Key Features of a Bungsukul Ceremony:
Merit Transfer: The central purpose of the ceremony is to transfer merit – the happiness that comes from doing good through acts of generosity, observing the precepts, or develop thoughts of universal goodwill (mettā) – to deceased people. Strictly speaking, the merit isn’t transferred from one person to another. If the deceased manage to know of the merit dedicated to them and they approve of it, that act of approval is, in itself, a happy one, and that becomes their merit.
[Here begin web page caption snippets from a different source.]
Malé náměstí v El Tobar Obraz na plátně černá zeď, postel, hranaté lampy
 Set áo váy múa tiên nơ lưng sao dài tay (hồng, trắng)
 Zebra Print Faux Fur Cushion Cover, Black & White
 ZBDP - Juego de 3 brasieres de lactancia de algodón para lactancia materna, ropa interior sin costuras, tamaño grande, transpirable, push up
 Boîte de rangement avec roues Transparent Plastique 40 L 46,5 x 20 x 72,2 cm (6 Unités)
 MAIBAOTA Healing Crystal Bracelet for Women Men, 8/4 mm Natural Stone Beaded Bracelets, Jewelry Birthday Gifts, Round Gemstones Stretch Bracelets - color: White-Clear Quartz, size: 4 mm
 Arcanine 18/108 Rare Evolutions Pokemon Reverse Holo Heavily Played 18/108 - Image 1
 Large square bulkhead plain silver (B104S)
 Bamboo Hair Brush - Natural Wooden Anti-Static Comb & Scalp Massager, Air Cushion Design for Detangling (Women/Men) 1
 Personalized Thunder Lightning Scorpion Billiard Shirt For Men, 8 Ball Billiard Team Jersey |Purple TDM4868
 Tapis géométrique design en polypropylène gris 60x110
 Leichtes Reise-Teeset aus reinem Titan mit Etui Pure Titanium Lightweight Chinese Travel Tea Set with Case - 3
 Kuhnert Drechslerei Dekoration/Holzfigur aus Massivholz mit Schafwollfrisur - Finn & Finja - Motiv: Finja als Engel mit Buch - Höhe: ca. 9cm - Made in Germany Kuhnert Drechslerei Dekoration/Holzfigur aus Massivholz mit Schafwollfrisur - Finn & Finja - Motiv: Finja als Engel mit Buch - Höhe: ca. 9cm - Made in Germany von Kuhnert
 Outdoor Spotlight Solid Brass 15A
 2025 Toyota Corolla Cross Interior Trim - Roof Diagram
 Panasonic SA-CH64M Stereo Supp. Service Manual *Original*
The Ceremony: A strip of cloth is placed in front of a number of monks, and the lay donors then place their offerings on the cloth. The primary item offered is usually cloth – either plain, unmade cloth, or cloth made into robes – although other items, such as flowers and incense, can also be offered in addition. Gifts of food or cash should not be offered in this way, as that would go against the Vinaya, the monks’ code of rules.
The monks then chant verses on the universality of death:Aniccā vata saṅkhārā Uppāda-vaya-dhammino.
Uppajjitvā nirujjhanti Tesaṁ vūpasamo sukho.
Sabbe sattā maranti ca Mariṅsu ca marissare.
Tath’evāhaṁ marissāmi N’atthi me ettha saṅsayo.
How inconstant are fabrications! Their nature: to arise & pass away.
They disband as they are arising. Their total stilling is bliss.
All living beings are dying, have died, and will die.
In the same way, I will die: I have no doubt about this.
The monks then take the offerings from the strip of cloth, after which they chant passages blessing the donors and dedicating the merit of the offering to the deceased.
Context: The ceremony is often performed during funerals, memorials, or anniversaries of a death, but it may also take place as a general act of merit-making for ancestors.
By conducting a Bungsukul Ceremony, practitioners express compassion and gratitude in the context of the Buddha’s teachings on kamma (karma) and merit.